To, co dzieje się w tej książce, jest niesamowitym przeżyciem. Opowieść o tym, jak śmierć jednej osoby potrafi połączyć rodzinę i wypełnić pustkę w naszym życiu. Wielkim oddaniu, przyjaźni i chęci pomocy drugiej osobie. Zetkniecie się tu z ogromem emocji: smutkiem, tęsknotą, żalem, cierpieniem i w końcu radością i szczęściem.

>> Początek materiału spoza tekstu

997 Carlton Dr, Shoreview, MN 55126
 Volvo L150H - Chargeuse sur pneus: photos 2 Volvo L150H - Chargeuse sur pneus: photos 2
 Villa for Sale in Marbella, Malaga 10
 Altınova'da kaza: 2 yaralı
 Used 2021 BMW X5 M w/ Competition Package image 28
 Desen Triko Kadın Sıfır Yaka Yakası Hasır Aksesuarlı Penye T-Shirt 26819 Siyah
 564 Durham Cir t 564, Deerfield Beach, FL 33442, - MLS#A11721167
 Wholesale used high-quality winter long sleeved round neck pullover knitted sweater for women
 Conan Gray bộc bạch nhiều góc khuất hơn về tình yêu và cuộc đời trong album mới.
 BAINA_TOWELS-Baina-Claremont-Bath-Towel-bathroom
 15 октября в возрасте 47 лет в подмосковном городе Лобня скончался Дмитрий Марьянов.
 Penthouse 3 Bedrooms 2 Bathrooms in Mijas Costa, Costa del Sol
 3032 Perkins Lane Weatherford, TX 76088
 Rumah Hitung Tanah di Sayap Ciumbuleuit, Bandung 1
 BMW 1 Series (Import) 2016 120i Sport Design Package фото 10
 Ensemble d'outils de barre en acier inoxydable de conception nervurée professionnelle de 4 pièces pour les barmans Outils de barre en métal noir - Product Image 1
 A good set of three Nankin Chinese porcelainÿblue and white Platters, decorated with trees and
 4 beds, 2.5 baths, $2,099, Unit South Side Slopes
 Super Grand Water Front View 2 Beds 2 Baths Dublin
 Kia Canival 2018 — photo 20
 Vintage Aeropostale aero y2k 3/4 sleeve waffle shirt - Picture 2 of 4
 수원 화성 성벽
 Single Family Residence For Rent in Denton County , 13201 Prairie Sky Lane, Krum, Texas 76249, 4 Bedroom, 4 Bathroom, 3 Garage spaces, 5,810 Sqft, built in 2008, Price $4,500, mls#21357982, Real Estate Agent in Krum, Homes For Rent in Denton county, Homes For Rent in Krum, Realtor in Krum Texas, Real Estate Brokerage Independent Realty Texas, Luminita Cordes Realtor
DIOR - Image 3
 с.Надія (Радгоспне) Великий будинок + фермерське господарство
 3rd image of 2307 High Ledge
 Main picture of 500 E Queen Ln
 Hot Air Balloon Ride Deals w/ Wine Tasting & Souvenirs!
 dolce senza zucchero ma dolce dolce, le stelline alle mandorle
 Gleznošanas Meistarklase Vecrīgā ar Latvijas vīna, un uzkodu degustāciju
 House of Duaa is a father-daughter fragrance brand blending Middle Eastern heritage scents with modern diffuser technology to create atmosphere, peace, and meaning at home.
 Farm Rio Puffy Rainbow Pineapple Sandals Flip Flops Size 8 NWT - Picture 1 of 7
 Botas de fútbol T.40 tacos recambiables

Szymon Grzegorzewski, nasz główny bohater, zmaga się z białaczką, ma niewielkie szanse na przeżycie. O życie jego walczy Helena Kwiecińska, nauczycielka, która staje się dawcą, w której Szymon w późniejszym wieku się zakochuje ze wzajemnością. Po śmierci męża Helena wiąże się z Szymonem mimo sporej różnicy wieku. Niestety, nie jest im dane długo cieszyć się szczęściem, gdyż podczas porodu Helena i dziecko umierają. Szymon po raz kolejny musi podjąć walkę o to, by żyć dla dzieci Heleny. Tu z pomocą przychodzi Krystyna, przyjaciółka Heleny, która okazuje się w dalszej części książki starszą siostrą. Oboje zakochują się w sobie i postanawiają zająć się wspólnie dziećmi. Niestety, nasz bohater znów musi stanąć do walki o prawa nad dziećmi z siostrą ojca Heleny, która pojawia się nagle i niespodziewanie. Tymczasem Szymon zostaje potrącony przez samochód, ratując życie sędzinie, z którą miał się spotkać, by potwierdzić pismo zmarłej żony i trafia w ciężkim stanie do szpitala. Z powodu krwiaka w głowie traci na jakiś czas pamięć, która wraca powoli z każdą napotkaną osobą i zdarzeniem. Nadal nie może pogodzić się ze śmiercią ukochanej Heleny, którą codziennie odwiedza na cmentarzu i z którą rozmawia. Czasem otrzymując od niej odpowiedź z przestrogą przed kolejnymi zdarzeniami. Czy wygra walkę w sądzie o prawa nad dziećmi? Czy znajdzie ukojenie w ramionach Krystyny? Czy w końcu będzie szczęśliwy? Co jeszcze go spotka?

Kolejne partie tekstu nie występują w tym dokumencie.